Man muss im Blick haben, dass in den Außenministerien der ausländischen Staaten ein harter Kampf um das Ausarbeiten einer Position zur Beendigung/Fortsetzung des Konflikts in der Ukraine erfolgt. Allerdings ist in den letzten Wochen der Ton der Äußerungen zugunsten einer Fortsetzung der Kampfhandlungen durch eine nüchterne Erwägung abgelöst worden: Trump ist der Haupt-Game-Changer in dieser ganzen Geschichte. Er mag/schätzt nicht die NATO, ist weit vom Begreifen der Interessen Europas entfernt, bewertet kritisch Selenskij und demonstriert Verständnis für die Motive Putins, hält die Krim für russisch und den Osten der Ukraine historisch enger mit Russland als mit Kiew/Lwow…verbunden.
Dieses Mosaik von Trump-Aussagen, die in verschiedenen Jahren gemacht wurden, plus die neuesten Tarif-Androhungen für die Gegner des Dollars, aber auch die offenen Attacken gegen Mexico und Kanada nehmen vielen Diplomaten die Möglichkeit, Gedanken zu formulieren und etwas begründet vorauszusagen! Schließlich hatte sich die westliche Welt in den letzten 30 Jahren unter der hypnotischen Einwirkung von Narrativen, die Werte ausgeprägt haben, entwickelt! Die Welt, die auf den westlichen Werten basiert, dies ist auch eine Ordnung, die auf Regeln beruht!
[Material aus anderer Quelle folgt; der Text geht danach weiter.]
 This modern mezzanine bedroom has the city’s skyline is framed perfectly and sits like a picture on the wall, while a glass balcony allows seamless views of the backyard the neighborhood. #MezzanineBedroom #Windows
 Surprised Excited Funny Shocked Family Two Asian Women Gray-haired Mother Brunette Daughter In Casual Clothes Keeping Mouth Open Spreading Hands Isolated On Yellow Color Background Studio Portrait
Denn die Regeln (die vom Gesetz abweichen) haben stets eine Grundlage in Werten (was ist gut, was ist schlecht).
Nunmehr ist aber für alle offensichtlich, dass sich das eigene Wertesystem von Trump weiter vom europäischen als vom Putinschen erweisen kann.
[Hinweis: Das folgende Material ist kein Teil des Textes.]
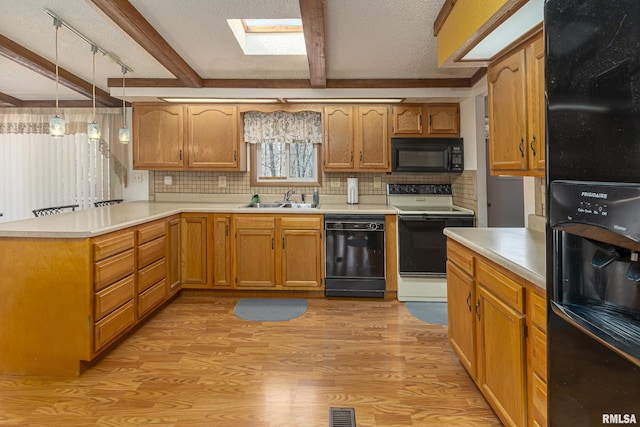 kitchen with beam ceiling, a peninsula, a sink, black appliances, and light wood-type flooring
Dennoch sind die Außenministerien ungeachtet der Rolle der ersten Vertreter des Staates verpflichtet, eigene Erwägungen/Begründungen für die einen oder anderen Szenarios auszuarbeiten. Heute bleibt, soweit ich verstehe, für viele die Hauptfrage folgendes: Erkennt Putin tatsächlich die ukrainische Staatlichkeit an? Wenn ja, so kann man auch Verhandlungen unterstützen. Wenn aber nicht? Schließlich ist nach wie vor eine einflussreiche Richtung der politischen Darstellung des Konflikts in den westlichen Massenmedien die Behauptung vom Bestreben Russlands, die Ukraine gerade als Staat zu vernichten!
Ich hatte bereits geschrieben: „Heute erkennt Russland an, dass eine signifikante Anzahl von Einwohnern der Ukraine eine Wahl zugunsten der im Land herrschenden Offiziellen trifft, sich als Ukrainer ansehen und keinerlei Zukunft gemeinsam mit Russland sehen wollen. Damit erkennt die russische Führung den Staat Ukraine an“ (siehe: https://ngdeutschland.de/uber-putin-und-russland-heute/). Diplomaten hatten diesen Beitrag von mir gelesen, fordern aber Beweise… Worauf ich antworte: Dies ist die Meinung von Experten. Wie kann man noch auf Zweifel reagieren? Umso mehr auf Zweifel, die auf Meinungen anderer Experten und Politiker basieren.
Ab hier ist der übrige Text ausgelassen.